AI-generated illustration
AI-generated illustration

The investigative trigger appears to include a House Judiciary Committee referral dated Oct. 21, 2025. Committee Republicans, led by Jim Jordan, alleged Brennan knowingly made false statements during a transcribed interview on May 11, 2023. They said he falsely denied that the CIA relied on the Steele dossier in drafting the post-election assessment and falsely testified that the agency opposed including it. The referral also cited newly declassified material saying a CIA officer drafted the dossier annex, Brennan and then-FBI Director James Comey made the final decision to include dossier material, and Brennan overruled senior CIA officers who objected.

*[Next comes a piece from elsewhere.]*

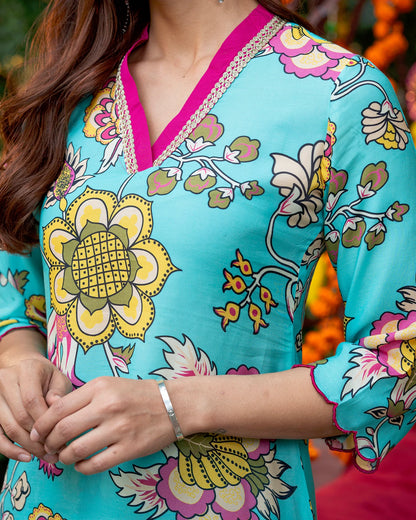 Blue Floral-Stroked Kurta Set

The worry among former Justice Department veterans is not only who is being investigated, but who is conducting the investigation. Reports that FBI agents Rose Marketos and Jack Eckenrode have been assigned to the matter deepened that unease, given their ties to the FBI Director’s Advisory Team and their past political associations. After DiGenova took over, cooperating witnesses were subpoenaed to testify before a grand jury in Washington, a move legal experts described as unusual in such a sensitive case. The department has portrayed the personnel changes as “healthy and normal,” but former prosecutors have rejected that view as too neat for a case this charged. For now, the Brennan probes are testing a basic safeguard of American law enforcement: whether the line between accountability and politicized prosecution still holds.